Opiates, opioids and endorphins exert their effects by binding to the specific opioid receptors, which are occupied by corresponding endogenous ligands (endorphins) under physiological conditions. All opioid receptors are coupled to and activate inhibitory G-proteins (Al-Hasani R et al. 2011; Del Vecchio G et al. 2017). The receptors form homo- and heterodimeric complexes and induce kinase cascades.
Opioid receptors are expressed in the CNS as well as on peripheral sensory neurons, but also in many peripheral organs such as the gastrointestinal tract and skin (Stein C 2016). In the CNS, opioid receptors are found in high density in spinal and supraspinal ssnaps of the ascending nociceptive and descending antinosiceptive systems. In the posterior horn of the spinal cord, the axons of the Aδ- and C-fibers form synaptic contacts with the glutamatergic neurons of the tractus spinothalmamicus and spinorecticularis. There, they mediate inhibition of transmission in the first synapse of the ascending nociceptive system. In the periphery, they mediate a reduction of the discharge frequency at the nociceptors and thus inhibit pain perception.
When the specific opioid receptors are activated in the central nervous system, this leads to an activation of potassium channels and to an inhibition of voltage-dependent calcium channels and thus to a hyperpolarization of the neurons and to an inhibition of depolarization. The result is a decrease in the excitability of neurons. The transmission of neuronal activity is inhibited.
It can be assumed that the endogenous opioid system is one of the most important pain-inhibiting systems of the body. Afferent stimuli are modulated so that they are not transmitted unimpeded to the CNS. This prevents neuronal overexcitation and exaggerated pain sensation from occurring.In the skin, opioid recurrent pores influence cell proliferation, migration, and adhesion. μ-Opioid receptors have been found in all layers of the epidermis, while δ-receptors are concentrated at cell contacts and may decrease desmoglein expression.

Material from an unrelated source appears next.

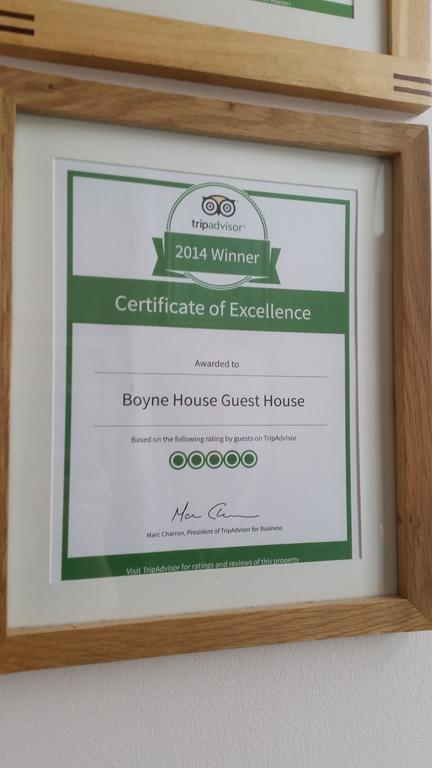 Boyne House Guest House 이스트본 외부 사진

Inflammation: Under inflammatory conditions, opioid receptors are upregulated. Thus, lymphocytes and macrophages express opioid peptides during inflammatory or traumatic processes and then also express opioid receptors.
Opioids as ligands of opioid receptors have immunomodulatory and immunosuppressive effects. They may increase the risk of infection. Opioids differ in their clinical effects due to different affinities for each type of receptor. The effect of opioids at their receptors can be reversed by the administration of opioid receptor antagonists (e.g. by the drugs naloxone or naltrexone).

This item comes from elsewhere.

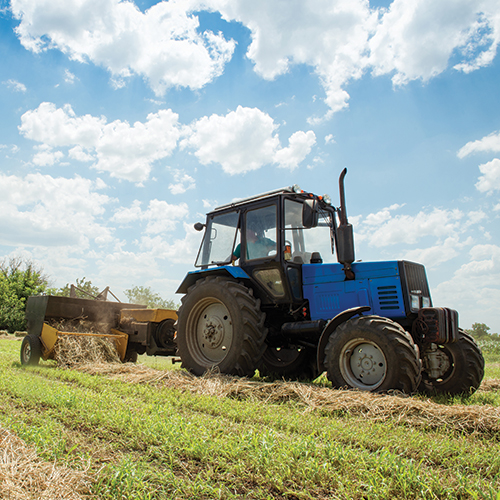 Farming & Agricultural Funding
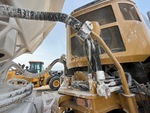 Hydraulics with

LiteratureThis section has been translated automatically.
Al-Hasani R et al (2011) Molecular mechanisms of opioid receptor-dependent signaling and behavior. Anesthesiology 115: 1363-1381.

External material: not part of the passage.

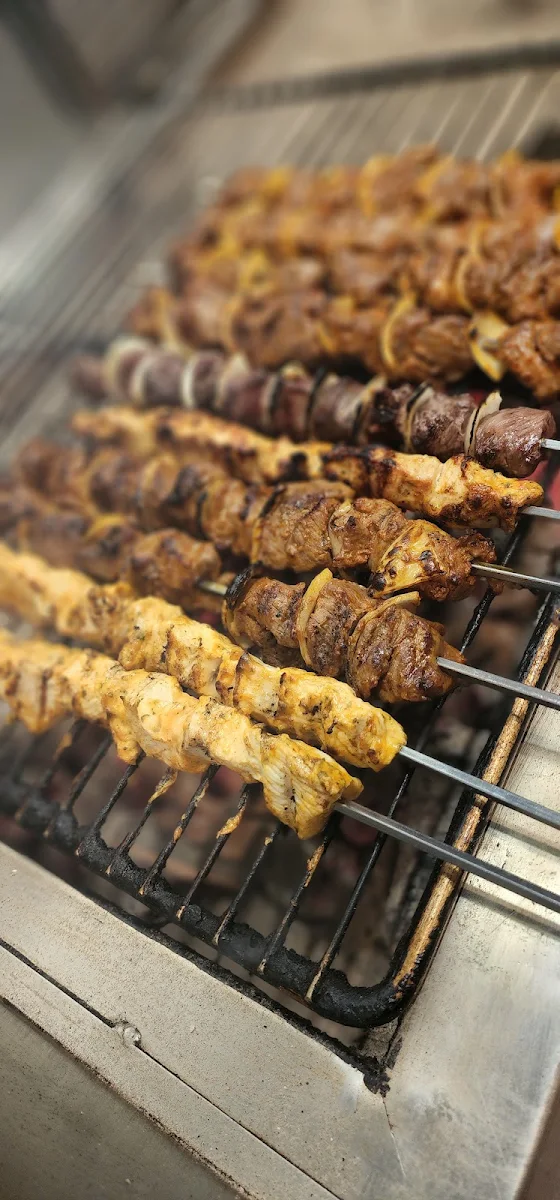 Highlights, Butcher Backyard Breaky & BBQ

Clark AJ (2016) 60 YEARS OF POMC: The proopiomelanocortin gene: discovery, deletion and disease. J mol endocrinol 56: T27-37.
Dhaliwal A et al (2019) Physiology, Opioid Receptor. In: StatPearls [Internet]. Treasure Island (FL): StatPearls Publishing, PMID: 31536249.
Del Vecchio G et al (2017) Novel Opioid Analgesics and Side Effects. ACS Chem Neurosci 8:1638-1640.
Dy SM, Asch SM, Naeim A et al (2008) Evidence-based standards for cancer pain management. J Clin Oncol 26:3879-3885
Jage J, Jurna I (2001) Opioid analgesics. In: Zenz M, Jurna I (ed.) Textbook of pain therapy, 2nd ed. Scientific Publishing Company, Stuttgart, S 255-280
Rock C (2016) Opioid Receptors. Annu Rev Med 67:433-451.
Tishevskaya NV et al (2017) Sensitivity of T-Lymphocytes to Hormones of the Anterior Pituitary Gland. Usp Fiziol Nauk 48:80-90.
Valentino RJ et al. (2018) Untangling the complexity of opioid receptor function. Neuropsychopharmacology43: 2514-2520.